New study examines Cuyahoga County primary

Another study was released this afternoon, also examining the recent primary in Cuyahoga County. This study was conducted by Election Science Institute, and is titled “DRE Analysis for May 2006 Primary, Cuyahoga County, Ohio.” This report, coming in at a at well over 200 pages, adds more detailed data and analysis to what is one of the most closely studied elections in recent history. Thad and I assisted in components of the analysis of this report, as did VTP colleagues Jonathan Katz and Rod Kiewiet.

Despite the title of the report, it actually examines the complete election administration practice in Cuyahoga’s recent primary, and issues a number of important findings (quoted directly from the executive summary):

After three months of exhaustive research, empirical evidence supports the key definitive finding: the machines’ four sources of vote totals – VVPAT individual ballots, VVPAT summary, election archive, and memory cards – did not agree with one another.

The vast majority of voters surveyed were pleased with their experience with the new system, liked touch screen voting and had confidence that their votes would be recorded correctly.

Improved training, both practical and procedural, is likely to minimize incidents experienced on Election Day.

Incident reports were widespread but concentrated, with 9% of precincts reporting 10 or more incidents. The most commonly reported incidents were voter registration issues (30.1%), election administration issues (22.6%), problems related to voting machines (16.2%) and issues involving booth workers (9.1%).

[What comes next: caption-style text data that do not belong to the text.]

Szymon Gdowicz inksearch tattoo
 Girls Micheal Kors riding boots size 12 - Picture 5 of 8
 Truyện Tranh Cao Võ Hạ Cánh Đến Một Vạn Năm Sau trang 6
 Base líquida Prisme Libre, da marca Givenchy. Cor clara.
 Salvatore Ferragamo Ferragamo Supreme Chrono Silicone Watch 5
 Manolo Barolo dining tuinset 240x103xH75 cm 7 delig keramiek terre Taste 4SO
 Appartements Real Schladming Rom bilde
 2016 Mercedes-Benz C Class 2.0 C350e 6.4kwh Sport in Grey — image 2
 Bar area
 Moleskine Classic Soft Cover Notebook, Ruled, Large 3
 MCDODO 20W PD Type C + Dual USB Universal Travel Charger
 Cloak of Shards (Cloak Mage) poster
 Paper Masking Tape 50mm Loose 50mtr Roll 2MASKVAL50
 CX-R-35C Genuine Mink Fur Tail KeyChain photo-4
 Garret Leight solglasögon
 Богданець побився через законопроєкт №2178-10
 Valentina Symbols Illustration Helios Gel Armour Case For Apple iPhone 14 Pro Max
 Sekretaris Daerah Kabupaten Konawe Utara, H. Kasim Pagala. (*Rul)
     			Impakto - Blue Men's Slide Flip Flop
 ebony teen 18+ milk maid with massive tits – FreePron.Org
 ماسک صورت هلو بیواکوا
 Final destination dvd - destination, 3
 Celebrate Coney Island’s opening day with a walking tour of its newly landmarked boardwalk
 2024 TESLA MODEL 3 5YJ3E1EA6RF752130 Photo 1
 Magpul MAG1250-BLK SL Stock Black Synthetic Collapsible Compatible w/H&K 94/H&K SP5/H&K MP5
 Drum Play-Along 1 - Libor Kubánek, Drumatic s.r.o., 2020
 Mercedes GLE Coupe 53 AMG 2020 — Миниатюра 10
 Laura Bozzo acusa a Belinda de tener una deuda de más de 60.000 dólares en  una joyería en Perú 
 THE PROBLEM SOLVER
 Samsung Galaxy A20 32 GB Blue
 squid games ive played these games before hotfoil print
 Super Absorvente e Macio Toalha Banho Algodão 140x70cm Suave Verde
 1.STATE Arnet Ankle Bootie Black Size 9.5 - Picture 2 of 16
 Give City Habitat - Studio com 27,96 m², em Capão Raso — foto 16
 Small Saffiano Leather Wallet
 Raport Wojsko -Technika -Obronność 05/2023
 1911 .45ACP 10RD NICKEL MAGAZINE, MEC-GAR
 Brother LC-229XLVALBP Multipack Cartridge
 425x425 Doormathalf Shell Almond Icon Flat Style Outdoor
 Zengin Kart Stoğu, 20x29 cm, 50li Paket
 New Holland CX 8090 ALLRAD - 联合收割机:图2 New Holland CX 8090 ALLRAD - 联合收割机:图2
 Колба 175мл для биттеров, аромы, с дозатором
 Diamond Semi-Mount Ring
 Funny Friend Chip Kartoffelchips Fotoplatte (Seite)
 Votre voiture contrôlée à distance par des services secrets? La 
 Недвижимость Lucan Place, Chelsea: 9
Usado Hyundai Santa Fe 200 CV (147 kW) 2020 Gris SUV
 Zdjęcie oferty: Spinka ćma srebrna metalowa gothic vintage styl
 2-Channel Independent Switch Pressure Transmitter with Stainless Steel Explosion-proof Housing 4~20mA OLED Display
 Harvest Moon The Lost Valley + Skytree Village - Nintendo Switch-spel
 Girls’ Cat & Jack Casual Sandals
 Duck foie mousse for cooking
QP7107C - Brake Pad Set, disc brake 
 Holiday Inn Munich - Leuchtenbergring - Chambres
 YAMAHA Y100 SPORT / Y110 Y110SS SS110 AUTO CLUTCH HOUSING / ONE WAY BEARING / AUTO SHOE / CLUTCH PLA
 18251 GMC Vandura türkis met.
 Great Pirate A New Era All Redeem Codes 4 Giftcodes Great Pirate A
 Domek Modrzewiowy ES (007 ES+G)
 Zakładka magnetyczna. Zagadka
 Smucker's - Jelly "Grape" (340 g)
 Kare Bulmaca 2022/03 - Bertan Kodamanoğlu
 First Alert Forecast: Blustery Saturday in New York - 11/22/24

New strategies for voting machine allocation are needed to minimize voter wait time and distribute it equally across all locations.

VVPAT’s were missing, missing information and the tally of the individual ballots did not always match the VVPAT summary printed at the end of Election Day.

Discrepancies were found across vote counts stored on different mediums across the election system.

The current election system, if left unchanged, contains significant threats to inventory control of mission critical election assets, error-free vote tabulation, and tabulation transparency. One likely result is diminished public confidence in a close election.

As in the previous report that was done regarding this election, there is much worth detailed examination in both studies. Hopefully other election jurisdictions will undertake such detailed audits of their election administration practices in the future.

This report is picking up some attention in the press this evening; for example there is a summary story in the Washington Post as well as other media sources.